Technical information
- Licensing authority: FCC
- Facility ID: 72566
- Class: B
- ERP: 450 watts
- HAAT: 715 meters
- Transmitter coordinates: 36°45′22.00″N 121°30′06.00″W﻿ / ﻿36.7561111°N 121.5016667°W
- Translator: 89.5 K208GE (Monterey)

Links
- Public license information: Public file; LMS;
- Webcast: Listen live
- Website: ksqd.org

= KSQT =

Radio station in California, United States

KSQT (89.7 FM) is a radio station licensed to serve Prunedale, California. The nonprofit community radio station is owned by Natural Bridges Media, and airs a variety format.

==Swap to Educational Media Foundation==
Prunedale Educational Association announced it would be swapping the then-KLVM and its five translators to Educational Media Foundation (EMF) for KARW Salinas. The transaction was consummated on December 19, 2017. EMF changed the station's call sign to KNVM on January 22, 2018. In 2019, EMF flipped KNVM to its Radio Nueva Vida programming.

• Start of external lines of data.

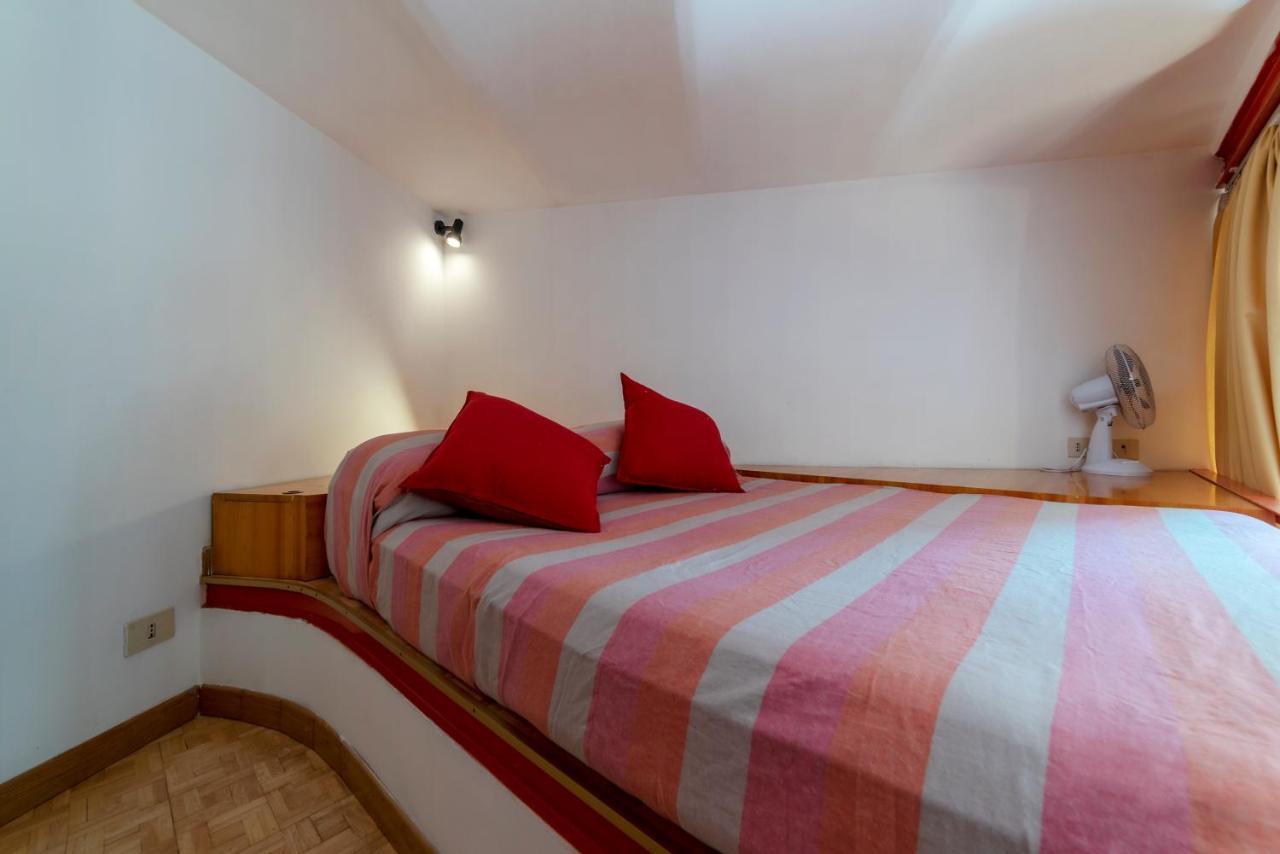 Piazza Santa Maria In Trastevere Cozy Flat Rom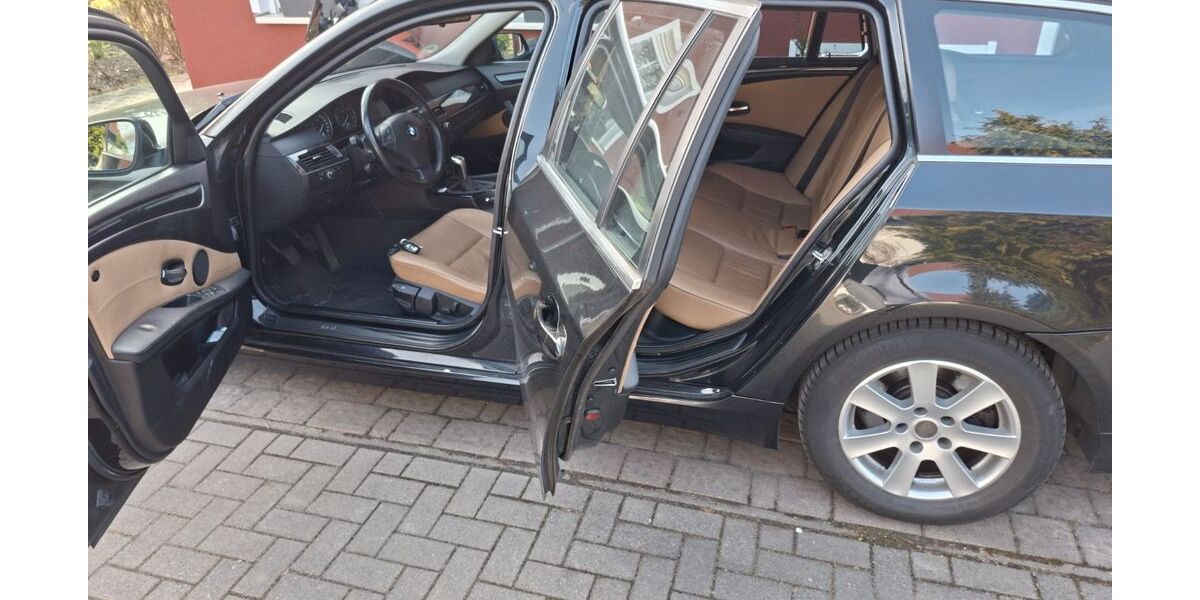 BMW 520 327.000 km 4.400 &euro; Magdeburg 39114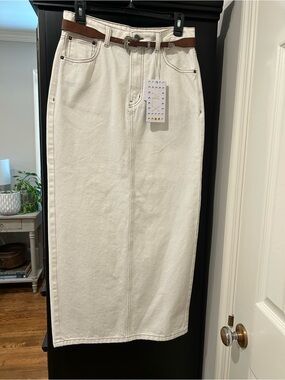 Cream High-Waist Straight Denim Skirt with Brown Belt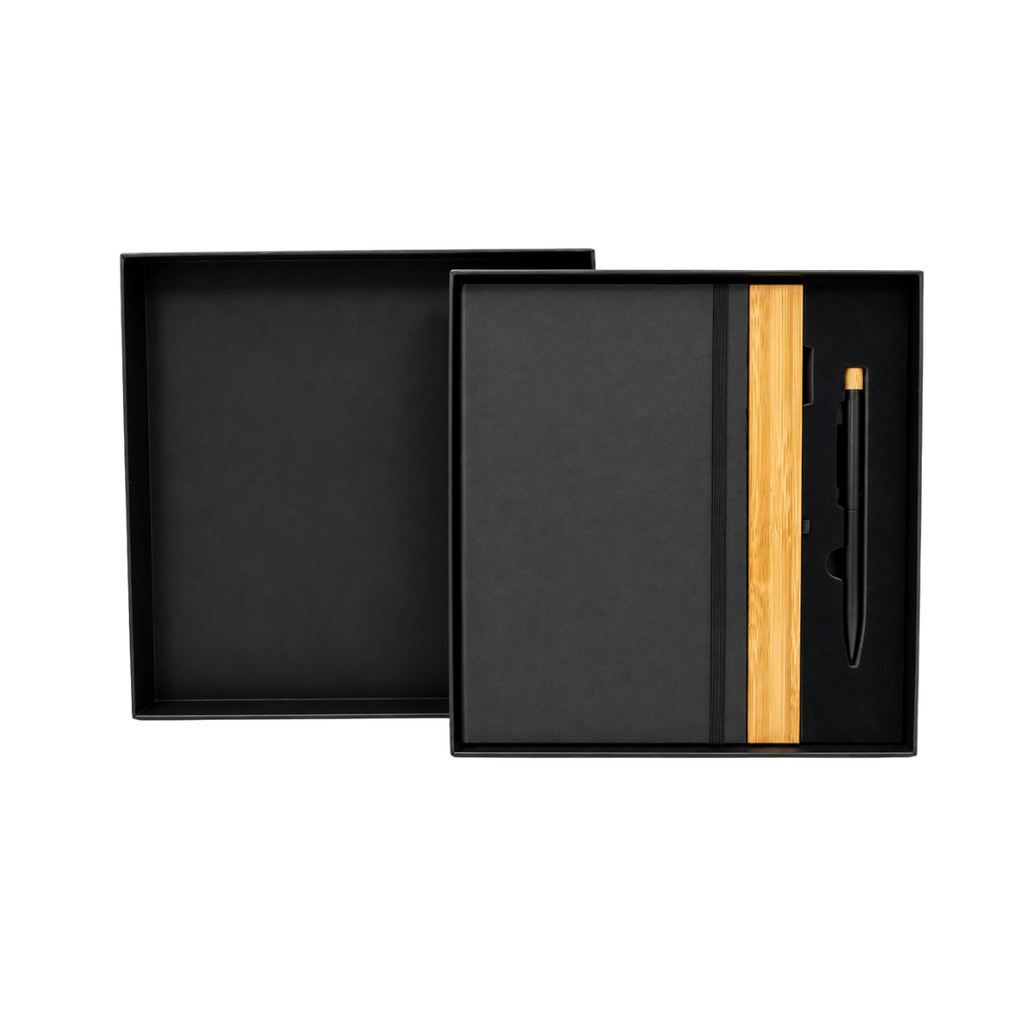 LIBRETA, CARTÓN, NEGRO, 14,8 x 21 cm, con orilla de bambú y lapicero de acero inoxidable en caja negra de regalo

==2023 sale and format change==
On February 5, 2023, Natural Bridges Media, owner of KSQD in Santa Cruz, California, announced that it would acquire KNVM 89.7 FM and the 89.5 K208GE translator in Monterey from EMF. The sale closed on June 8, 2023, and on June 17, KNVM flipped to a simulcast of KSQD to reach the Monterey-Salinas area, which is poorly covered by the original KSQD signal. The station changed its callsign to KSQT on June 24, 2023.